Discussing American Elections… With Your Kids!

I don’t have kids. But I write Children’s Books. And… get this… I was a kid once! To my benefit, I had a great, educated and involved childhood.

My parents watched the news. They voted. Yes, they even took me into the ballot box with them. I remember in 1996 when President Bill Clinton was running for re-election, they took me to a giant rally in downtown Toledo, Ohio as Clinton was making his way across the country to the Democratic National Convention. The thrill of seeing the President of the United States speaking right there in front of me was something so very cool… and I wouldn’t be old enough to vote until Election 2000.

In 2000, I made a point of doing it again: I went to see Bill Clinton “handing the torch” to Al Gore in a massive rally in Monroe, Michigan. Hillary and Tipper were there… news cameras all around. Unfortunately, the temperatures were sweltering and senior citizens were passing out… but that’s what always happens with Bill Clinton. The man doesn’t know how to read time, apparently.

In 2002, I met Rudy Giuliani on his National Book Tour for bestselling autobiography Leadership.

In 2003, I went to a book signing for Senator Hillary Clinton for her autobiography, Living History.

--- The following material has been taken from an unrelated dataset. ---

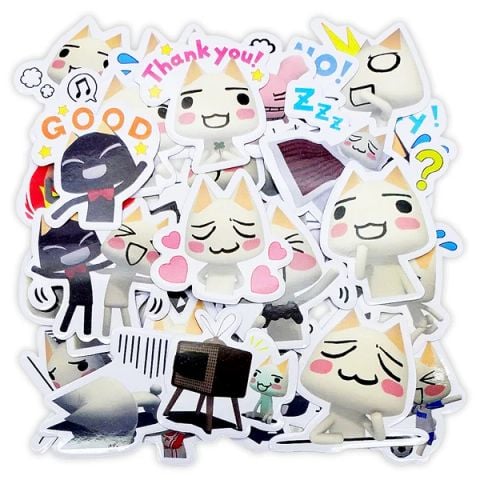 STICKER ĐA NĂNG CTE-070 (TORO INOUE) (PC TEEN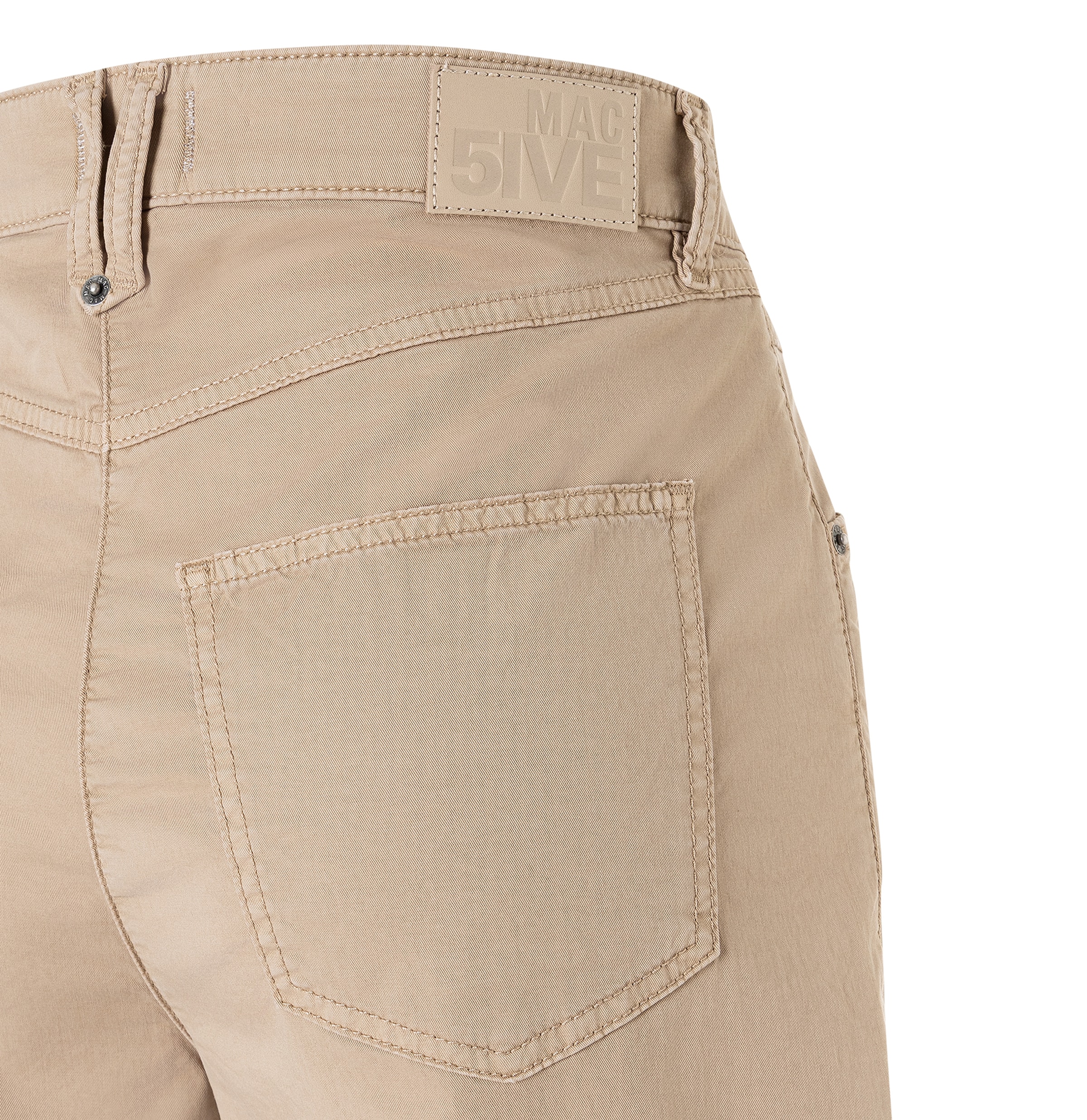 MAC Stoffhose »BORA 2.3 zip«  mit Stretch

In 2004, during the Democratic primaries, I traveled to Iowa to work for one of the candidates running for the nomination. Seeing the process of the caucuses was so interesting… the most on-hand educational thing I’ve ever done when it comes to politics.

Also in 2004, thanks to living on the border of two swing states, I got to see the effect of celebrity on Presidential politics, as well. I went to events that featured James Taylor, The Dixie Chicks, Roseanne Barr, Gloria Steinem and Michael Moore.

In 2008, I went to several events for Senator Hillary Clinton during the Democratic Primaries. And I met Chelsea Clinton on an airplane while I was working.

Living in Hawaii during the 2008 general election, I missed out on all candidate visits or rallies. After all, Hawaii isn’t a swing state.

In 2009, I was visiting my parents in Toledo when I learned that Sarah Palin was appearing in Ft. Wayne, Indiana for a book signing. What a fascinating political figure Ms. Palin is… so I knew I had to go.

As you can see, due to my upbringing, I’ve always had an immense interest in politics and elections. Election night is like the Super Bowl times 1000 for me. I like to watch the returns and look at individual counties and Senate races in an attempt to read the tea leaves for National implications. And I do also make predictions… though I’m keeping those to myself this year.

In 2012, it was my goal to see both candidates live and in-person. I saw Mitt Romney this past summer in Bowling Green, Ohio. It’s always a different ballgame when you see a candidate through your own eyes, with no opinion or media input distracting your gaze.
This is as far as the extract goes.